“江南美人?”裴峋声音微微扬起,但旋即恢复如常道,“殿下怀疑她们?”

        乌恩其且笑不语,换了个话题:“额尔德木图给你信没有?”

        裴峋神色平和,摇头道:“还没有,大亲王刚刚生死线上走了一遭,估计不能弄的动静太大。”

        意料之中,乌恩其轻轻颔首:“不急,这事儿等我们走一躺江南回来之后,再办也行。”

        又说了些生意上的事情,乌恩其挥手让裴峋离去了。裴峋的内心再稳当,面对刚刚那种疑似败露的情况下,还是免不了要动摇。

        乌恩其在知道裴峋身份的前提下去故意吓唬人,又留心注意着,也没能抓住什么大破绽。只在裴峋转身离去时,隐隐能看见他后背衣服有一点汗湿的痕迹。
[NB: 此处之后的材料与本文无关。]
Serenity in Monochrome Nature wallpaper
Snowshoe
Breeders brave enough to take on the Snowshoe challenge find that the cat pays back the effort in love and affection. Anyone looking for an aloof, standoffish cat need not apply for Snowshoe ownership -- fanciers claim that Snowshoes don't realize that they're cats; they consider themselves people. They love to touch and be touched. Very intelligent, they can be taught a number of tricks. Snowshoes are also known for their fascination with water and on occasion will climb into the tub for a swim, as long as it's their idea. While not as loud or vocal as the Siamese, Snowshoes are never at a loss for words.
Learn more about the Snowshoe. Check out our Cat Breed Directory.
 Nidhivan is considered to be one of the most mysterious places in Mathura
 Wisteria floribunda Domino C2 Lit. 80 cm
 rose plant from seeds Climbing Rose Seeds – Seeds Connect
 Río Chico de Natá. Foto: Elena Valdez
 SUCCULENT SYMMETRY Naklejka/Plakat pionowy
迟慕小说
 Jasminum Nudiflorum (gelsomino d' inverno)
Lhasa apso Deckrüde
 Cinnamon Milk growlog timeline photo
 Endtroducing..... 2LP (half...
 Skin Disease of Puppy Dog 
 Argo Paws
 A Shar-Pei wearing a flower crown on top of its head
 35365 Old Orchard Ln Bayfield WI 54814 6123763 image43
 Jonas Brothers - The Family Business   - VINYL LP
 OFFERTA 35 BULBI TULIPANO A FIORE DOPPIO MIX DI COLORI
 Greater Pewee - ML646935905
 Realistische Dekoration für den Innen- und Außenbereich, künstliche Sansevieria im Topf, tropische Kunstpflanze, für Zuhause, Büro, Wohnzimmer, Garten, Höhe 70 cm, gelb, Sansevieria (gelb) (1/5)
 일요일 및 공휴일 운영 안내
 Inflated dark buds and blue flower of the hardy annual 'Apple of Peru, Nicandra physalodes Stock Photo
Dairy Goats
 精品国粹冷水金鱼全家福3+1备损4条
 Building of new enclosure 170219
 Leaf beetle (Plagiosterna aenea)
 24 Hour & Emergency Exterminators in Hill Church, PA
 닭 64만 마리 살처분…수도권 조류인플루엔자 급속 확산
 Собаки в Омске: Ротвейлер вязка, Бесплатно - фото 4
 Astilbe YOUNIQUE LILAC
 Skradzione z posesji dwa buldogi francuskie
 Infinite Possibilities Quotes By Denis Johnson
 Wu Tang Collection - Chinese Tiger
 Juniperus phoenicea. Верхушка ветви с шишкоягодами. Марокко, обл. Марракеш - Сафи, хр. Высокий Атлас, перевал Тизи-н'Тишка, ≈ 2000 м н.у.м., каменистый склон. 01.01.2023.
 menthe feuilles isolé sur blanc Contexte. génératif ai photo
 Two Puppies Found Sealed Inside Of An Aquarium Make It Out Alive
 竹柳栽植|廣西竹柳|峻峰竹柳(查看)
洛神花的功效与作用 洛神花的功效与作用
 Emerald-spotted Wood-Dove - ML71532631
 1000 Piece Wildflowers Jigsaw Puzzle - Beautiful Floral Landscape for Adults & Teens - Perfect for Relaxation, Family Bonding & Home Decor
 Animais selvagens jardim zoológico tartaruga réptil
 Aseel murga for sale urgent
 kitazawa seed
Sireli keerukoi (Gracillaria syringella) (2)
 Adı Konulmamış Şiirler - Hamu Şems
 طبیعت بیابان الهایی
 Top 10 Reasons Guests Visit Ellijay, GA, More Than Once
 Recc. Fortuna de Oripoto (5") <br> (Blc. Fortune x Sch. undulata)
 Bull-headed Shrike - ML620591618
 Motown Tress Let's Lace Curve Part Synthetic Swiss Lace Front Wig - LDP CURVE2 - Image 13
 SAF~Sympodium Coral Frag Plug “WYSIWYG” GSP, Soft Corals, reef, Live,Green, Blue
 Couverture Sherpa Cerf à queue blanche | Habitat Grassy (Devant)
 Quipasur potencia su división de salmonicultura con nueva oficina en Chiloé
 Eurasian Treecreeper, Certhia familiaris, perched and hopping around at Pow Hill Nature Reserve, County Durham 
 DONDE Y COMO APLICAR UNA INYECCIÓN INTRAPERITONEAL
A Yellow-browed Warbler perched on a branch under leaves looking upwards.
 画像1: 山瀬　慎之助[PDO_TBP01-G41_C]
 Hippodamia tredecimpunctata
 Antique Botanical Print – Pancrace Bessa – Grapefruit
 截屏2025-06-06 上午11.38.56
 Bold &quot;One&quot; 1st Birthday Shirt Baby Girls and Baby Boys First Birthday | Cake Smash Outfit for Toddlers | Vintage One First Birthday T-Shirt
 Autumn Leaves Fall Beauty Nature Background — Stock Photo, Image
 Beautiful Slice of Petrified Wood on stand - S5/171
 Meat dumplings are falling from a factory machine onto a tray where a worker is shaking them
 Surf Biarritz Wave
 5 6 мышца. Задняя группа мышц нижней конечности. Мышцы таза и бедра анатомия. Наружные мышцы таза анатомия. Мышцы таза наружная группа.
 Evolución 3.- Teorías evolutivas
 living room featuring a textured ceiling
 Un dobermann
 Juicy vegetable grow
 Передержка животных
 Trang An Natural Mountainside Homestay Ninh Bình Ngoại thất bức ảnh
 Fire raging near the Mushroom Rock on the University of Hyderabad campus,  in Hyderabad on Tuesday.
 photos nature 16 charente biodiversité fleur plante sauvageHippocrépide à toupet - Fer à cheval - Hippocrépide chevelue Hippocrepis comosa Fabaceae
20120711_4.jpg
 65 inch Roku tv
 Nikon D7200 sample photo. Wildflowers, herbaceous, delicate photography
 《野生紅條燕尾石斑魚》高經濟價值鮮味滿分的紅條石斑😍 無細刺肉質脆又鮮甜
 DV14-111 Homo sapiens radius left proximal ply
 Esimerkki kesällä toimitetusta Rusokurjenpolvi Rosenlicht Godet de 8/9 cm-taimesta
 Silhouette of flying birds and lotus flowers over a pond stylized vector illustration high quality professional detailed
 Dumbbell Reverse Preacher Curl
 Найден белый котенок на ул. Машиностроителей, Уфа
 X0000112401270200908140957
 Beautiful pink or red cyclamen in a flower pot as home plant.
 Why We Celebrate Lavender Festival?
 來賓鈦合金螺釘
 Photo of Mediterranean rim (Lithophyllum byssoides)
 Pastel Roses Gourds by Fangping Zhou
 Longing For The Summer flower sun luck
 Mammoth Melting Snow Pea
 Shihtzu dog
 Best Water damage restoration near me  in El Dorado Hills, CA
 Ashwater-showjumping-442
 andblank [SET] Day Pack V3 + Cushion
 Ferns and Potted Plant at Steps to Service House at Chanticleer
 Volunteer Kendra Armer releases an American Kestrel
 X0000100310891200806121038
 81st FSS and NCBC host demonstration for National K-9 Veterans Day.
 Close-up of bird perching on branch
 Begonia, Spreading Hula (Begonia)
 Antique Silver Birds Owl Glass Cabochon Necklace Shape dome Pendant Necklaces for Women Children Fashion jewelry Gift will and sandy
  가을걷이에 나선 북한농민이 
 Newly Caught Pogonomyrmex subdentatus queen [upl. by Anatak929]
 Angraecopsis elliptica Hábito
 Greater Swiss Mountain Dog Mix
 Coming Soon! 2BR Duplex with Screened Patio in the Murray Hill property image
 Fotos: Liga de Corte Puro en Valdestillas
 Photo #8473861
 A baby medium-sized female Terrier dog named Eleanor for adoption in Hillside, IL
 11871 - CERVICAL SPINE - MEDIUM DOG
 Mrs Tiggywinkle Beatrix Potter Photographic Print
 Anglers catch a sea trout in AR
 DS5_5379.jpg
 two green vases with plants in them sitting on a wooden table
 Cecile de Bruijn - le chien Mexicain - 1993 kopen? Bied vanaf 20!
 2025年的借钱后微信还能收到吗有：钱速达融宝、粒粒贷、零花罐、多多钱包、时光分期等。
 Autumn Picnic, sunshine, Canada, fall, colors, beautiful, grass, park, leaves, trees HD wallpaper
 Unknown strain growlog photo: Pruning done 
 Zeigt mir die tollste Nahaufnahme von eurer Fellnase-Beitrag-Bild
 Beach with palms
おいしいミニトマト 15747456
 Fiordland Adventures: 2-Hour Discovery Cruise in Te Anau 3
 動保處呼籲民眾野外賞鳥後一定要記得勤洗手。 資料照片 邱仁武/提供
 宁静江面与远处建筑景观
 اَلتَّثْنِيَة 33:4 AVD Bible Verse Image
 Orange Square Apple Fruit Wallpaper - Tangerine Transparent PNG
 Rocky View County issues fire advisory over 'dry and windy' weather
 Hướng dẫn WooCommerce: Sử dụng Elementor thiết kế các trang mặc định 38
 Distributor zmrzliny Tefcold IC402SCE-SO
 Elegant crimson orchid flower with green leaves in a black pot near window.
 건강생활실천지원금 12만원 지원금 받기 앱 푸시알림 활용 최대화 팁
        有点小瞧了这人。乌恩其暗想,只是裴峋来道草原这么久,一直本本分分,仿佛真的只是换了个地方过日子似的,半分不像个探子。

        有一瞬间乌恩其甚至觉得这就是一个计谋,安排一个什么也不干的人到她身边,好让她为此纠结费神。

        可转念一想,她算个什么呢,怎么可能让南边专门安排人针对。无论是喀鲁王要对付大亲王达日也赤,还是南朝盯上了涅古斯部,她总是被捎带上、顺手收拾下的那一个。

        简直好笑中带着愤怒。总有一天,乌恩其想,总有一天她会成为草原上令人闻风丧胆的存在,无人再敢轻视她,而是视她为最恐怖的对手。